##### Supplied material

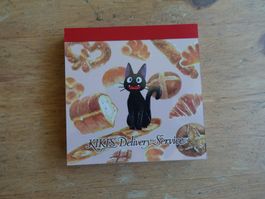 Ghibli Jiji Kiki - Süsser Notizblock Mini Memo Pad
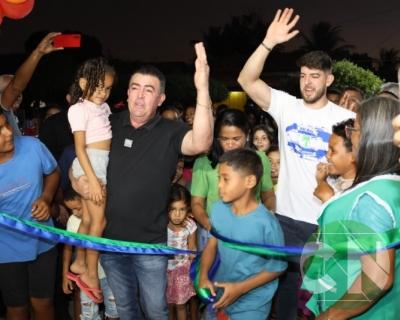 Inauguração de mais duas escolas no município de Bacabal 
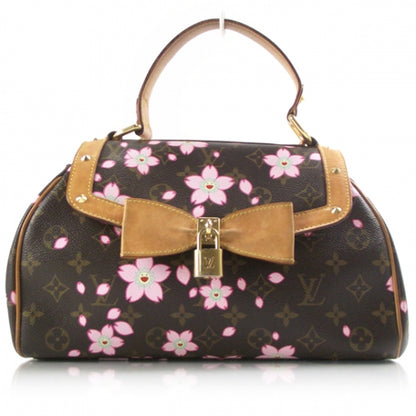 Louis Vuitton Monogram Cherry Blossom Sac Retro Bag Brown 1 of 11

##########

Activity —
Please transcribe the lines from the one containing "Inauguração de mais" to the last line of the listing, both included, exactly and with nothing added, leaving every picture out.

Result of the task —
 Inauguração de mais duas escolas no município de Bacabal 
 Louis Vuitton Monogram Cherry Blossom Sac Retro Bag Brown 1 of 11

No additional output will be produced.